Michael was devastated. Don claimed he was the kind of person who could separate sex and emotion.
“I told him, You’re exchanging my love for you for 30 minutes of pleasure? I told him it pains me a lot not only because he’s not supposed to do it anymore, he has to be responsible with other people, but because we couldn’t even do it together,” Michael said.
“I told him, despite the fact that you love yourself, you don’t respect yourself.”
Michael had never been sweet with anyone before Don. “The sweetest part of me was actually with him. I walked the extra mile with him. Whenever people ask me, I say I love him so much. But if they ask if I’m happy, I say I’m not,” he said. “I also don’t get it.”
Michael forgave Don, but remains wary of the complicated set-up they have. “I already forgave him. But I won’t forget what he did. Of course, he shouldn’t go back to what happened before. But I already forgave him, and I’m okay with that.”
Don promised to be more loyal to him and to stop the sexual adventurism. Michael also had Don talk to psychiatrists and psychologists, if only to help him change his lifestyle. “I walked the extra mile with him. People say I have a Messianic complex, like I could change him,” Michael said.

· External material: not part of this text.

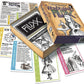 Looney Labs Wonderland Fluxx Card Game - Topsy-Turvy Wonderland Adventure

A doctor gave him frank advice. “He said it’s not about love every time. Instead of getting paranoid, I just better get out of the relationship,” Michael said. “But when I said I love him anyway, the doctor said he didn’t mean not to love him anymore. He just meant that it shouldn’t be me.”
“It does make sense, but still, I stayed.”
Don and Michael are still together, leading a disciplined, loyal relationship. Michael actually planned to give him a special Christmas gift, if only to make him feel special on the most wonderful time of the year. “It may not be the happiest. Christmas is a happy season but its overwhelming happiness triggers the sadness in me. But it certainly will be memorable, because I have a partner,” Michael said.
Michael is aware that Don remains at great risk. But he remains hopeful that constant medication, a positive disposition in life, and his special kind of love would keep the debilitating hands of the virus at bay.
“There is always the possibility of him leaving the world sooner than expected. I want to give him hope, [like] he’s having another chapter in his life. The thing that makes Christmas meaningful is the thought, What if this is the last?”
“You always have to give it your best shot.”